What the task asks. From the material below, reproduce exactly the stretch of lines that begins with the line holding "Rita Blue Sparkling" and ends with the line holding "Most EXPENSIVE Knife Case Opening!", skipping the pictures.
===== Supplied data =====
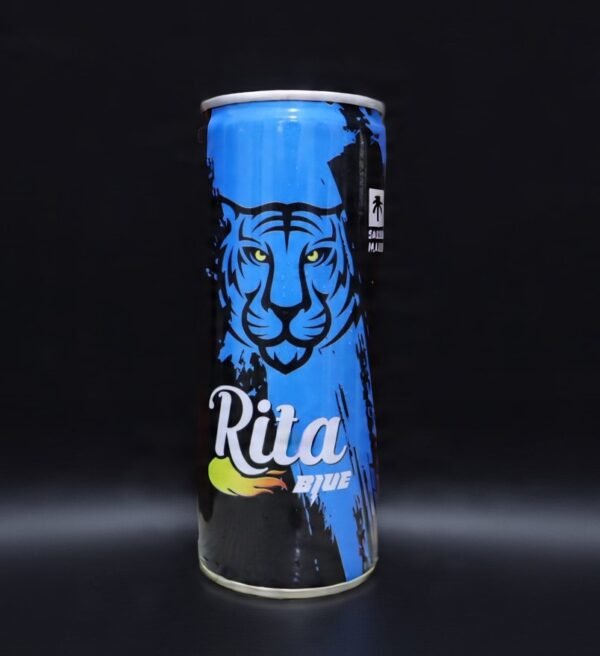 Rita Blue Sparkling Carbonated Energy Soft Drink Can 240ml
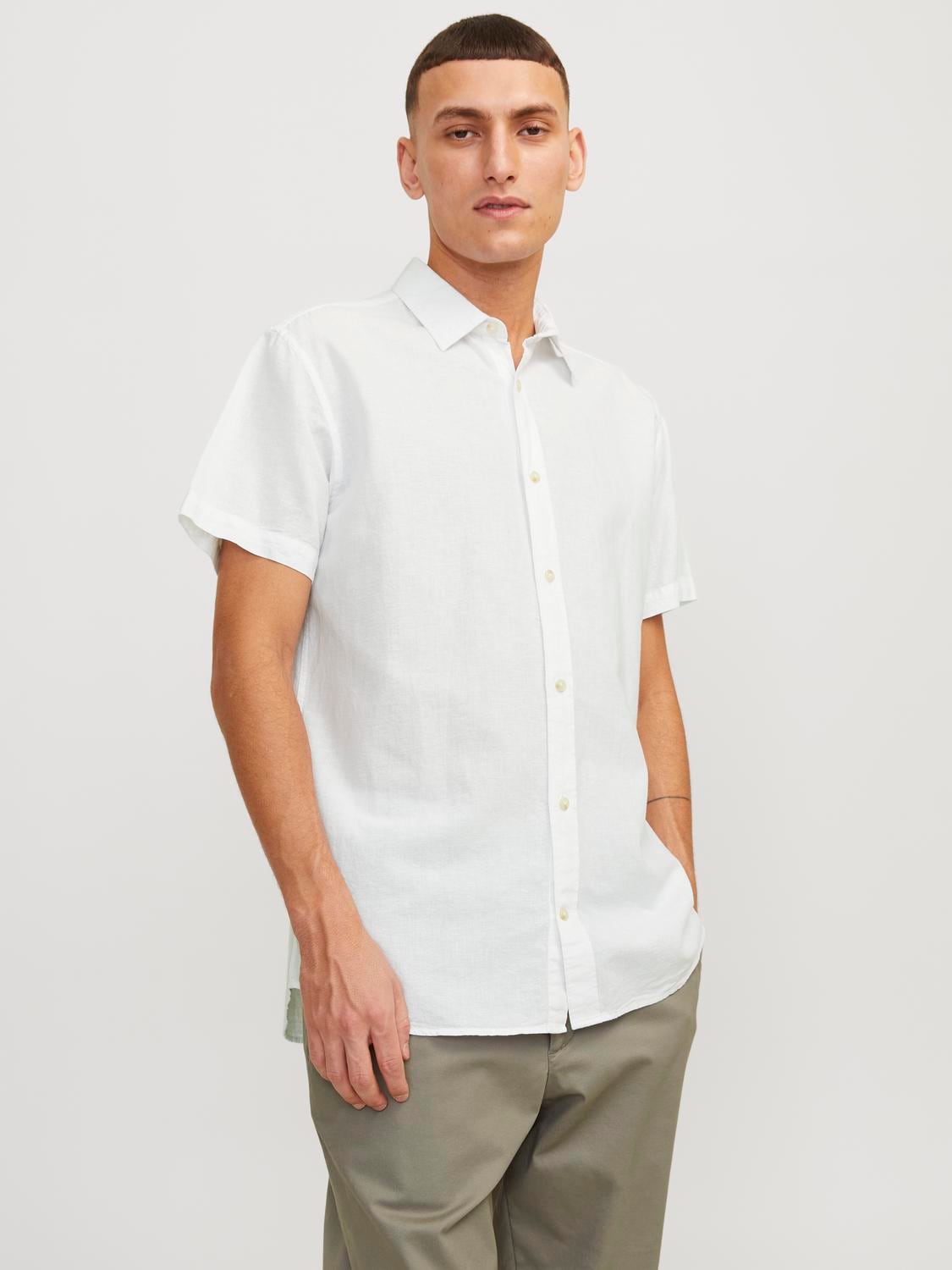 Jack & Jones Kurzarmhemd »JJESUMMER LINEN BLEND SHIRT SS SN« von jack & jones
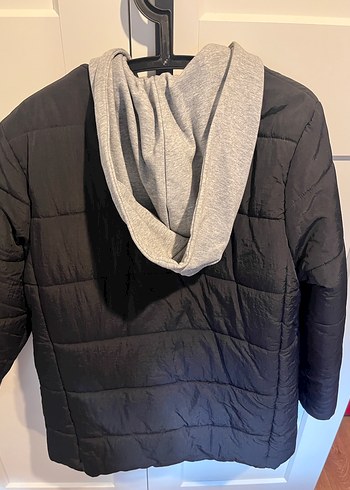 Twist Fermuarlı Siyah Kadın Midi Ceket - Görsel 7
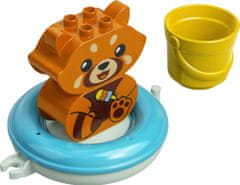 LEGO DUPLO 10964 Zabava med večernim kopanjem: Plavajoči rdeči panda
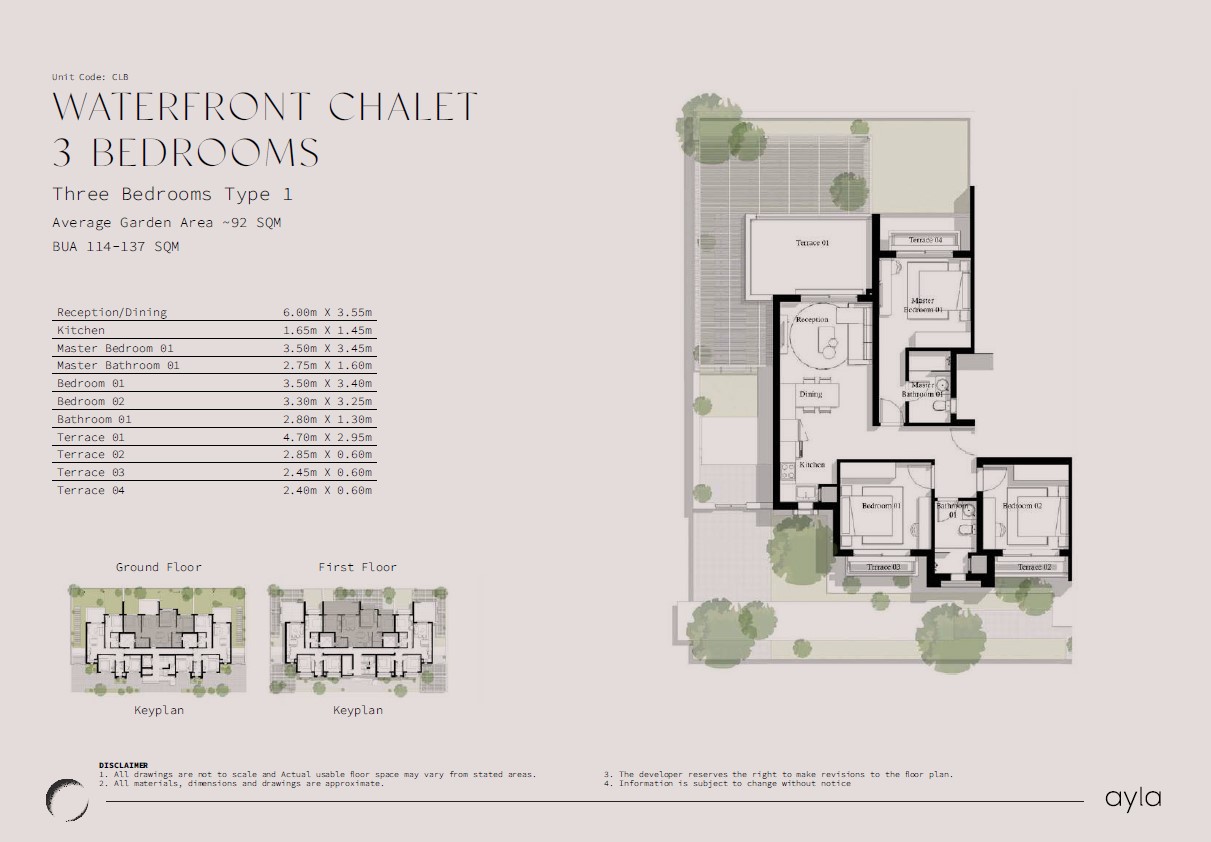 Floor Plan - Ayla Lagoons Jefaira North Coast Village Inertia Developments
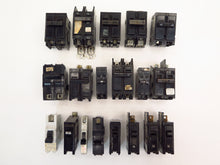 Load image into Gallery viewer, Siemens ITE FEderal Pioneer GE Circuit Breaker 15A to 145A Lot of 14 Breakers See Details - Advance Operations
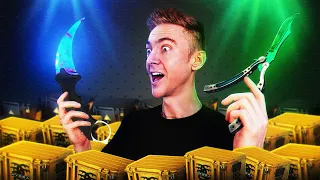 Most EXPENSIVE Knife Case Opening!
=====
===== Supplied data =====
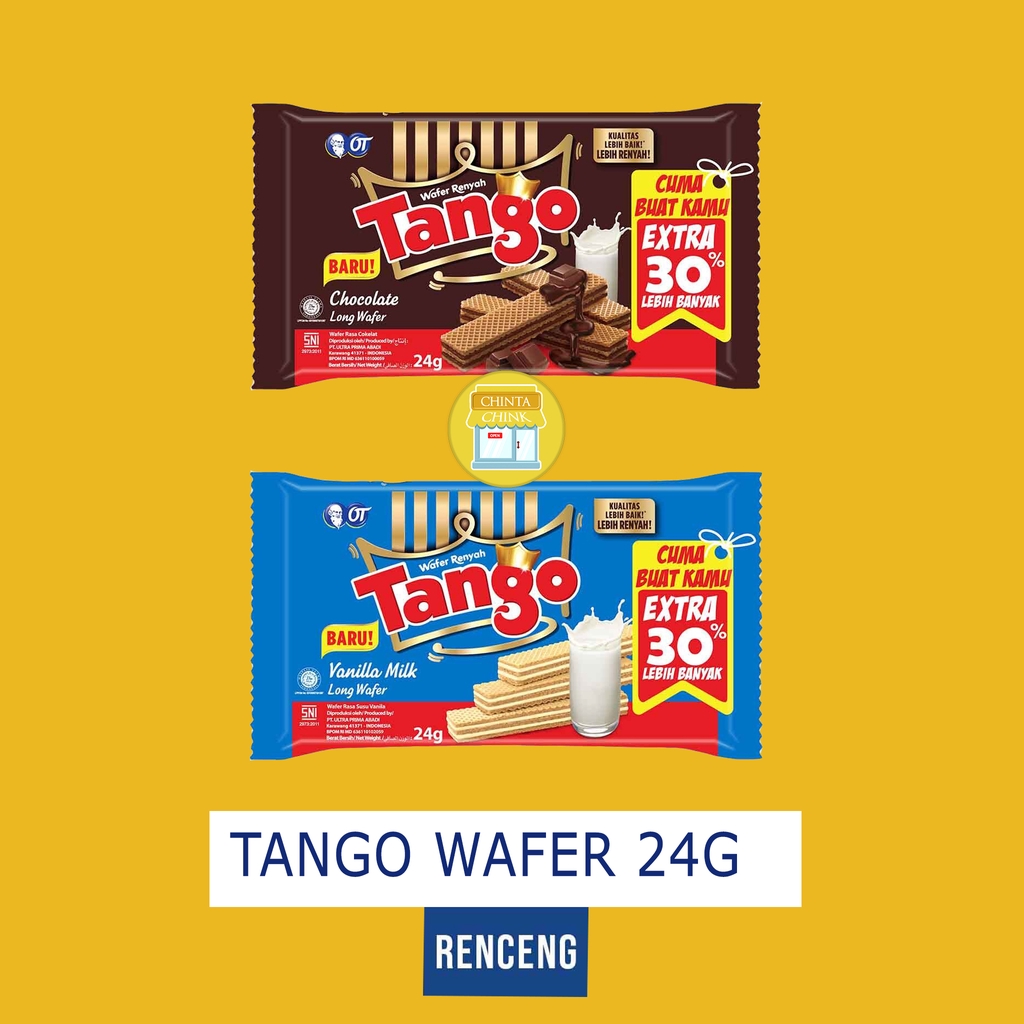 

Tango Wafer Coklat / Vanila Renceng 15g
=====
The completed task.
 Rita Blue Sparkling Carbonated Energy Soft Drink Can 240ml
 Jack & Jones Kurzarmhemd »JJESUMMER LINEN BLEND SHIRT SS SN« von jack & jones
 Twist Fermuarlı Siyah Kadın Midi Ceket - Görsel 7
 LEGO DUPLO 10964 Zabava med večernim kopanjem: Plavajoči rdeči panda
 Floor Plan - Ayla Lagoons Jefaira North Coast Village Inertia Developments
 Load image into Gallery viewer, Siemens ITE FEderal Pioneer GE Circuit Breaker 15A to 145A Lot of 14 Breakers See Details - Advance Operations
 Most EXPENSIVE Knife Case Opening!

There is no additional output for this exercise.